━━━ Information provided

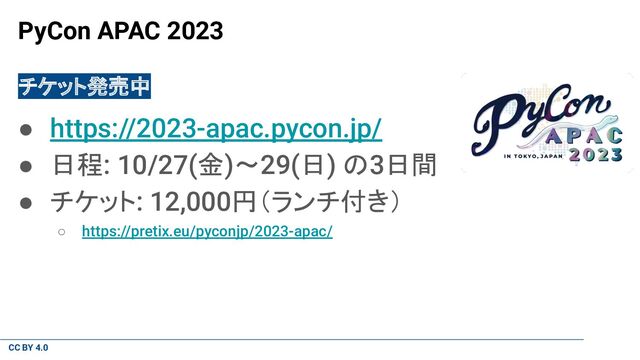 CC BY 4.0
PyCon APAC 2023
チケット発売中
● https://2023-apac.pycon.jp/
● 日程: 10/27(金)〜29(日) の3日間
● チケット: 12,000円（ランチ付き）
○ https://pretix.eu/pyconjp/2023-apac/
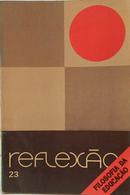 REFLEX�O - FILOSOFIA DA EDUCA��O - ANO VII N� 23 MAIO/AGOSTO 1982-EDITORA CORTEZ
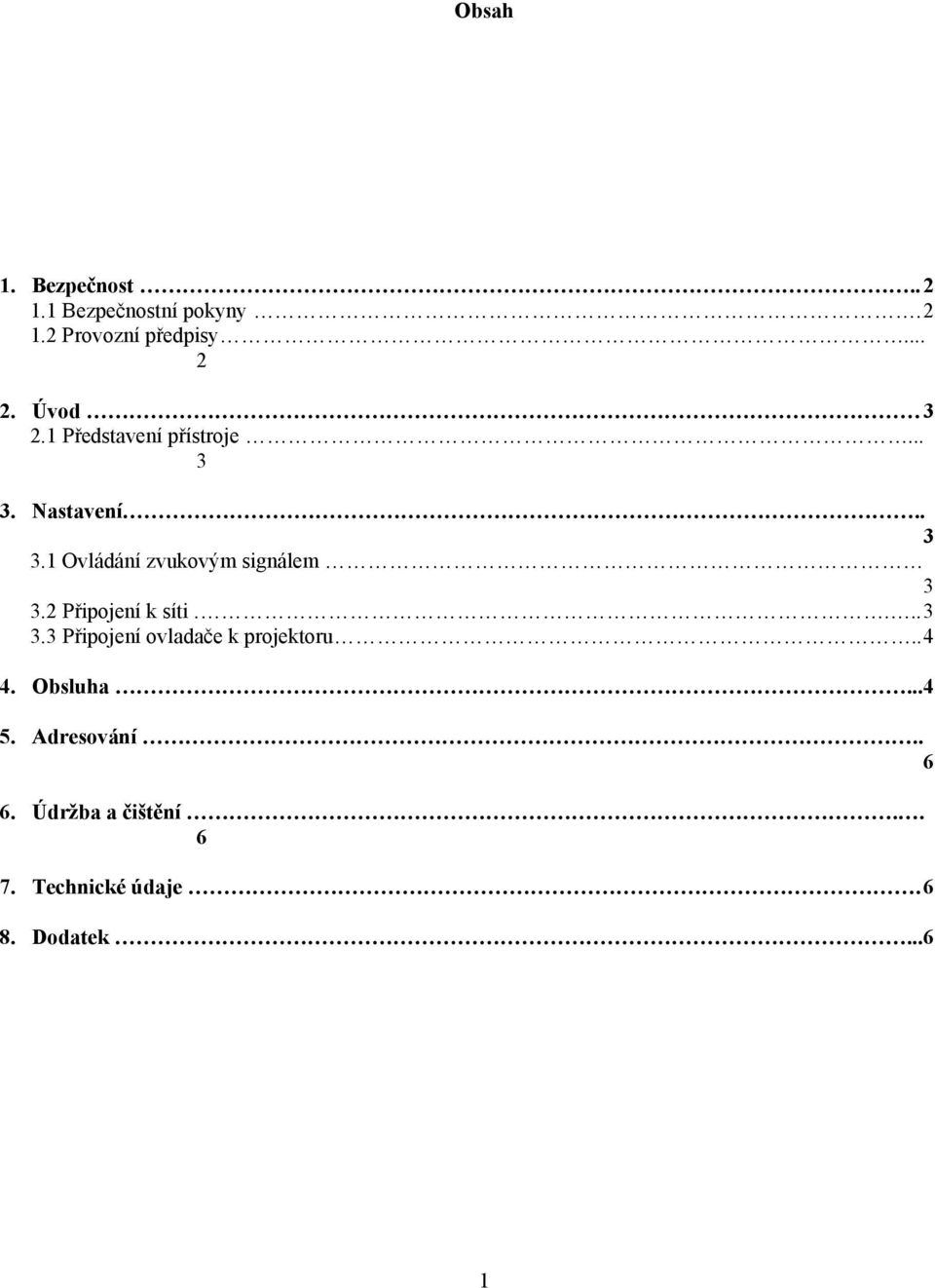 2 Připojení k síti....3 3.3 Připojení ovladače k projektoru..4 4. Obsluha...4 5.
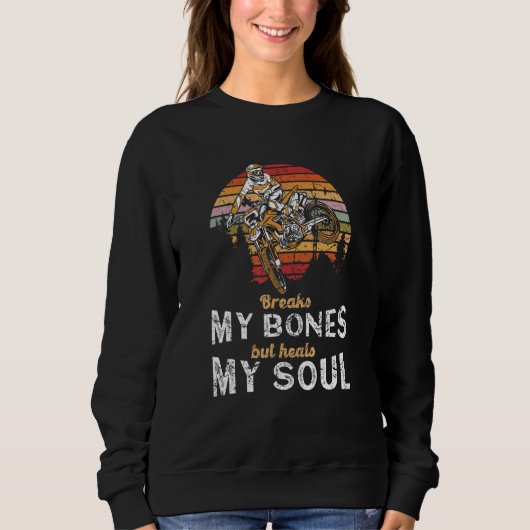 Breaks My Bones But Heals My Soul Grunge Dirt Bike Sweatshirt (Vorderseite)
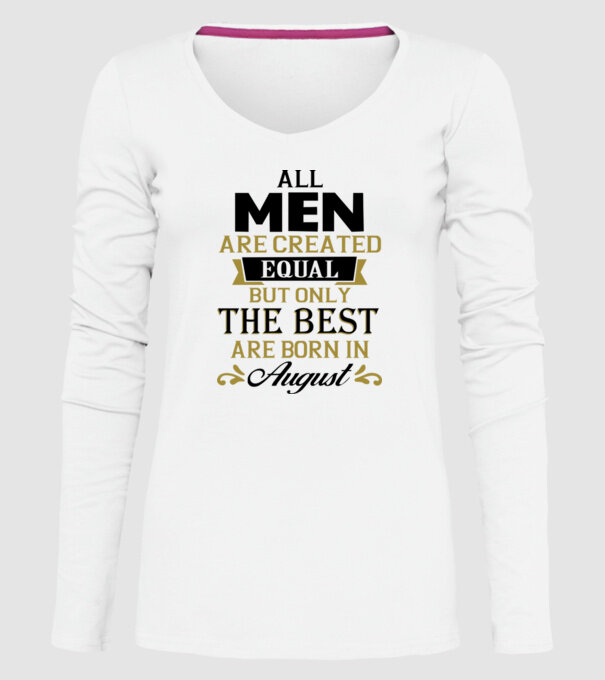 All men created equal but only the beat are born in august model alb pe tricou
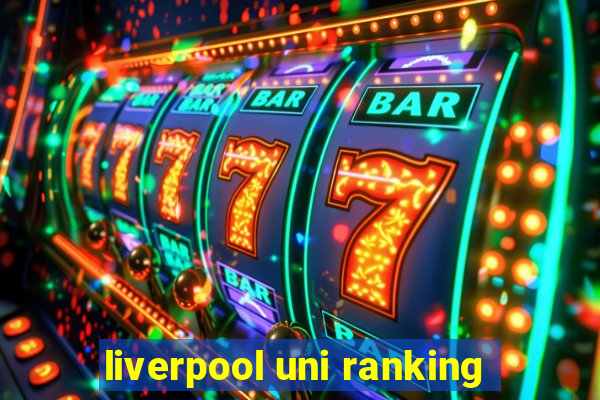 liverpool uni ranking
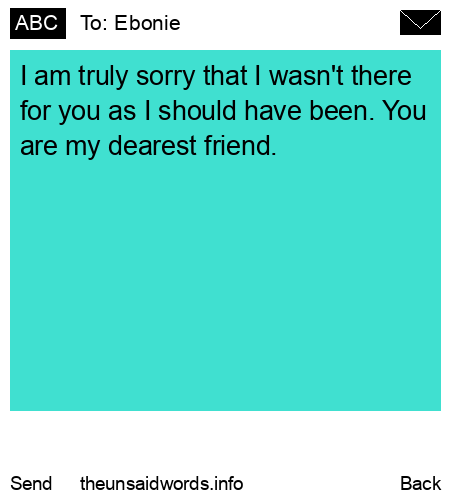unsent message to Ebonie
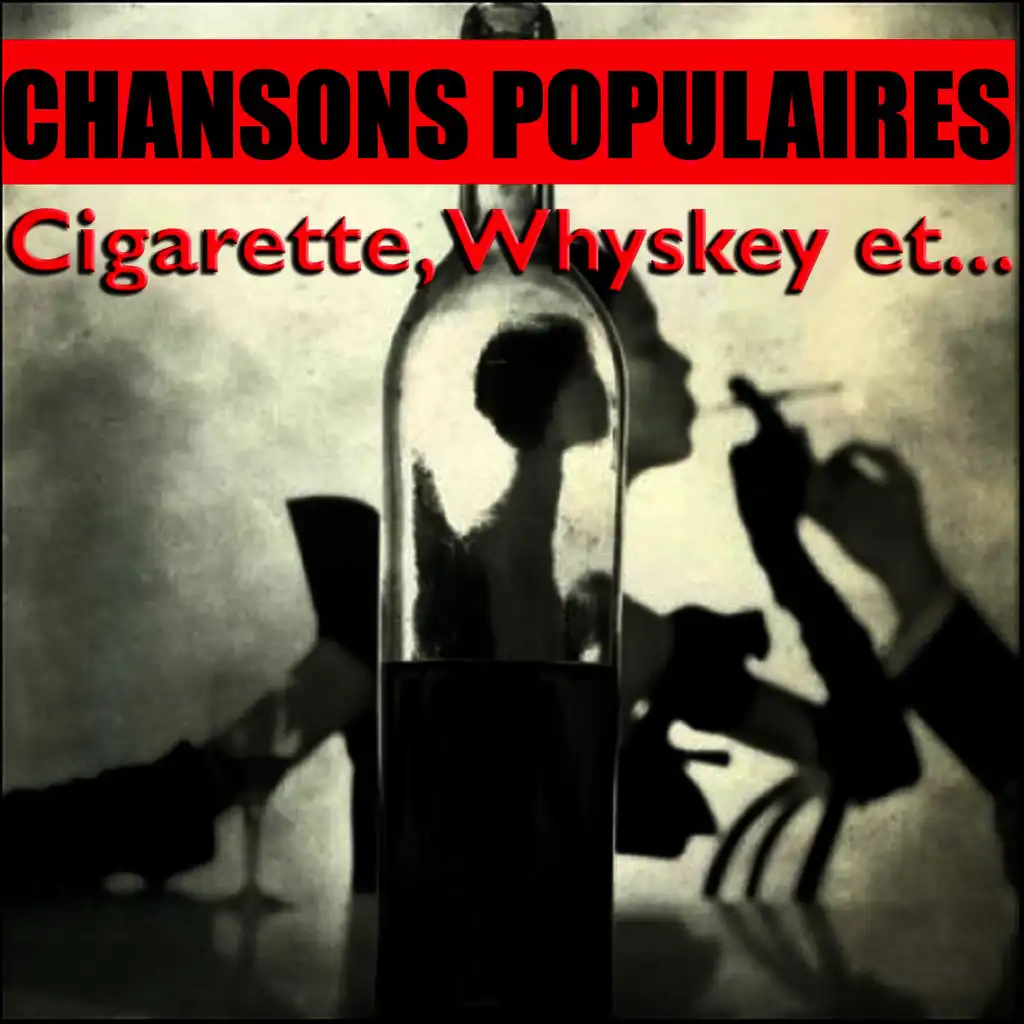 Chansons Populaires - Cigarette, Whiskey Et...
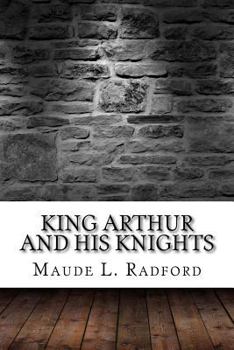 King Arthur and His Knights: The Original Classic
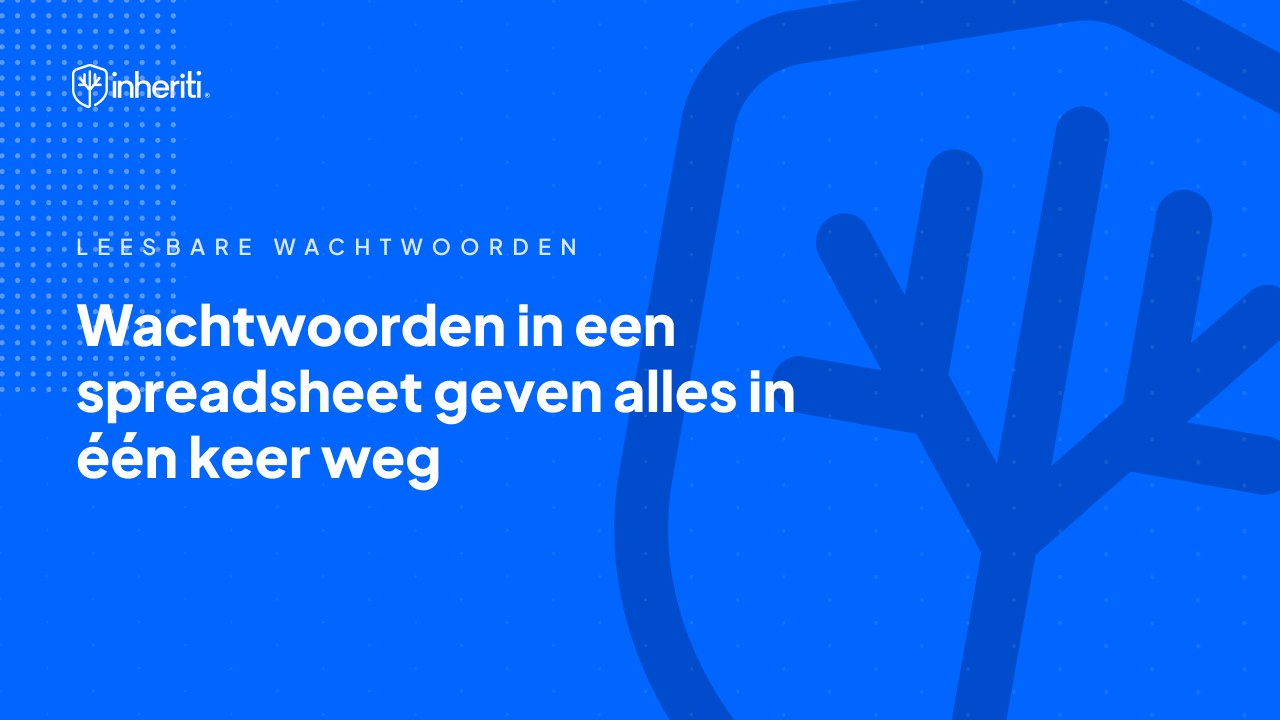 Wachtwoorden in een spreadsheet geven alles in één keer weg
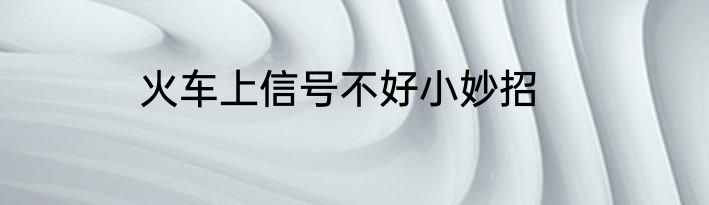 火车上信号不好小妙招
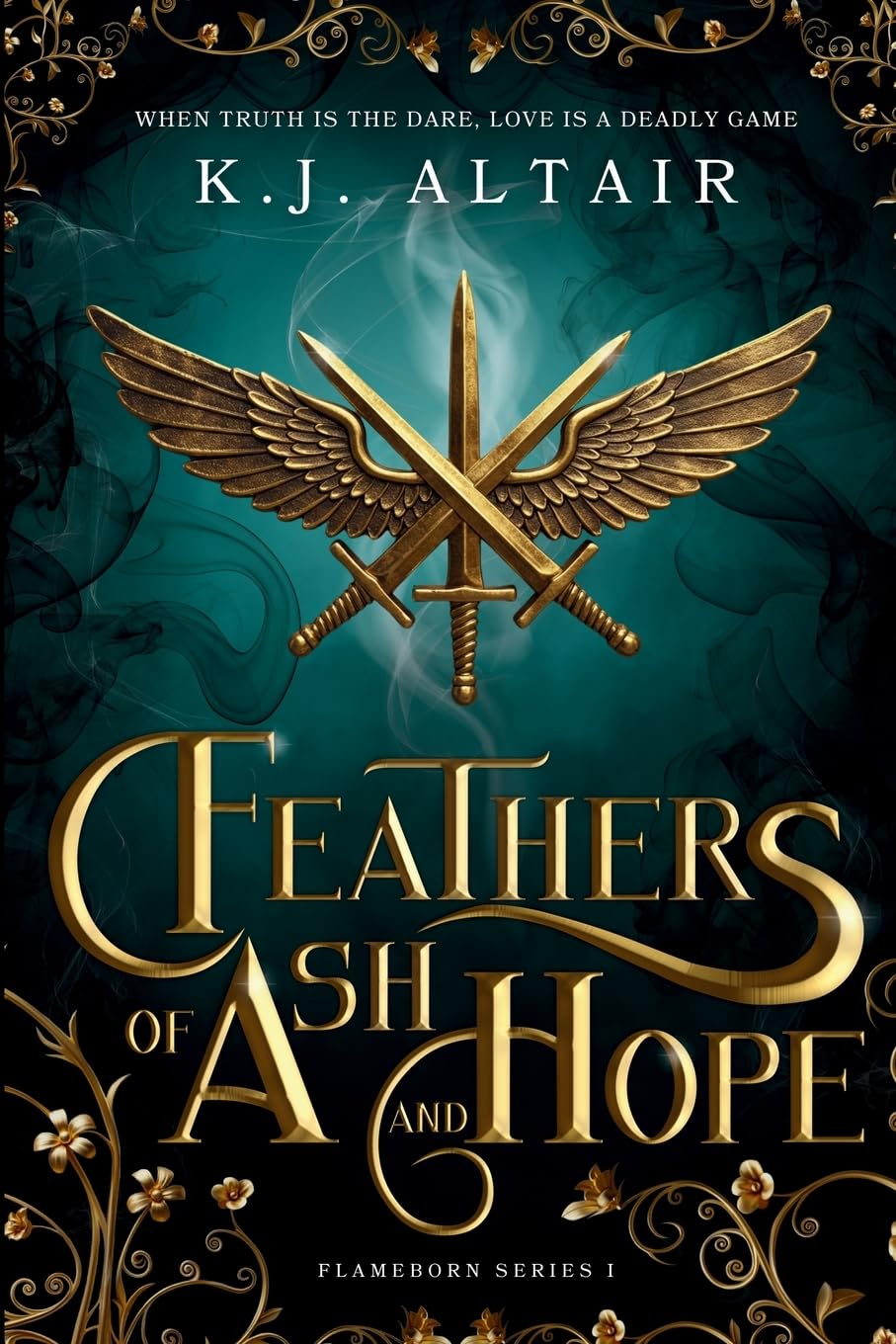 Feathers of Ash and Hope: A Slow Burn Fantasy Romance: 1 (Flameborn Series)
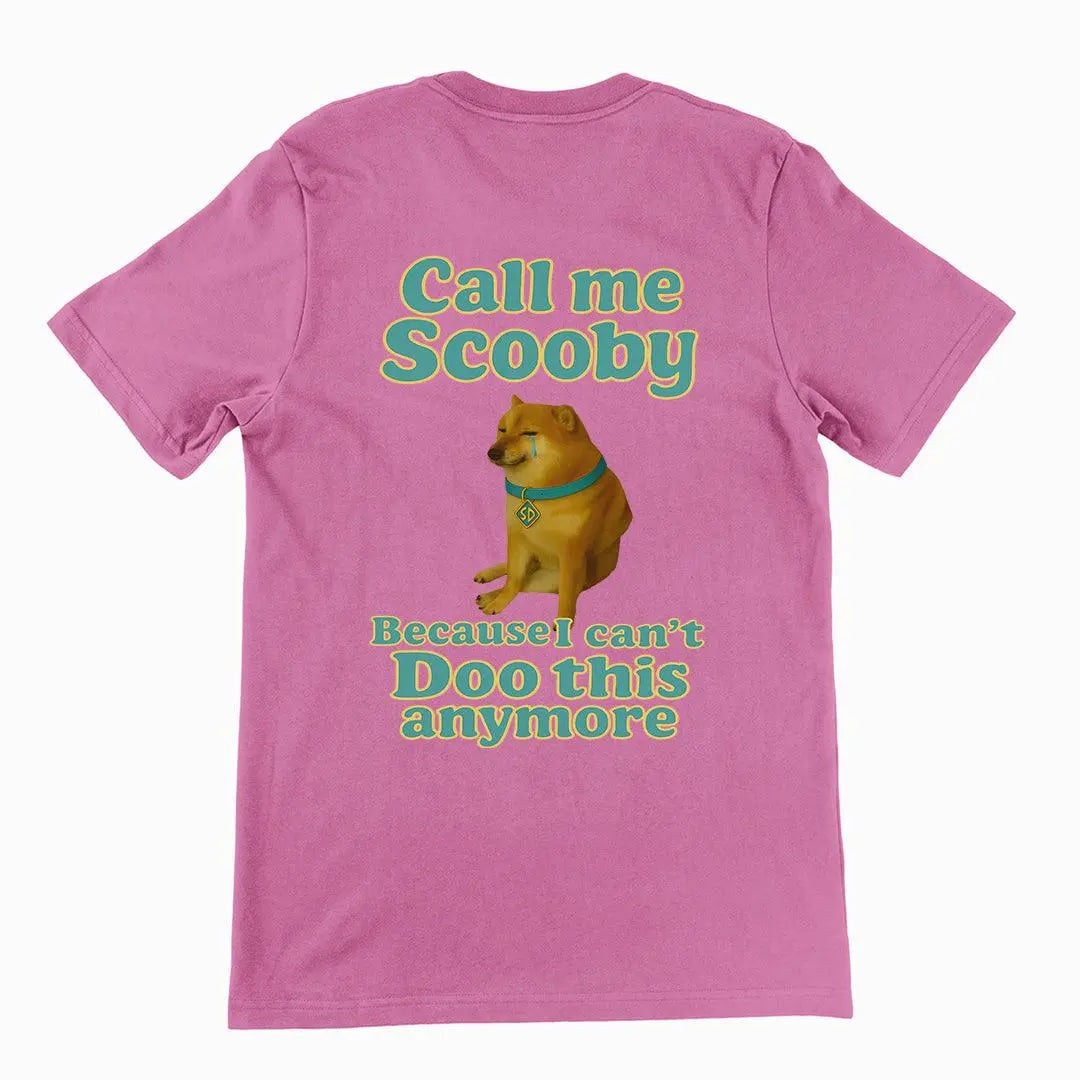 Call me scooby because I can't Doo this anymore T-Shirt (backprint) - Orbital Clothing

━━━━━━

◆ Your goal: Filter the entries down to the lines with the word "https" in them, and copy those lines.

◆ Task response:
● https://2023-apac.pycon.jp/
○ https://pretix.eu/pyconjp/2023-apac/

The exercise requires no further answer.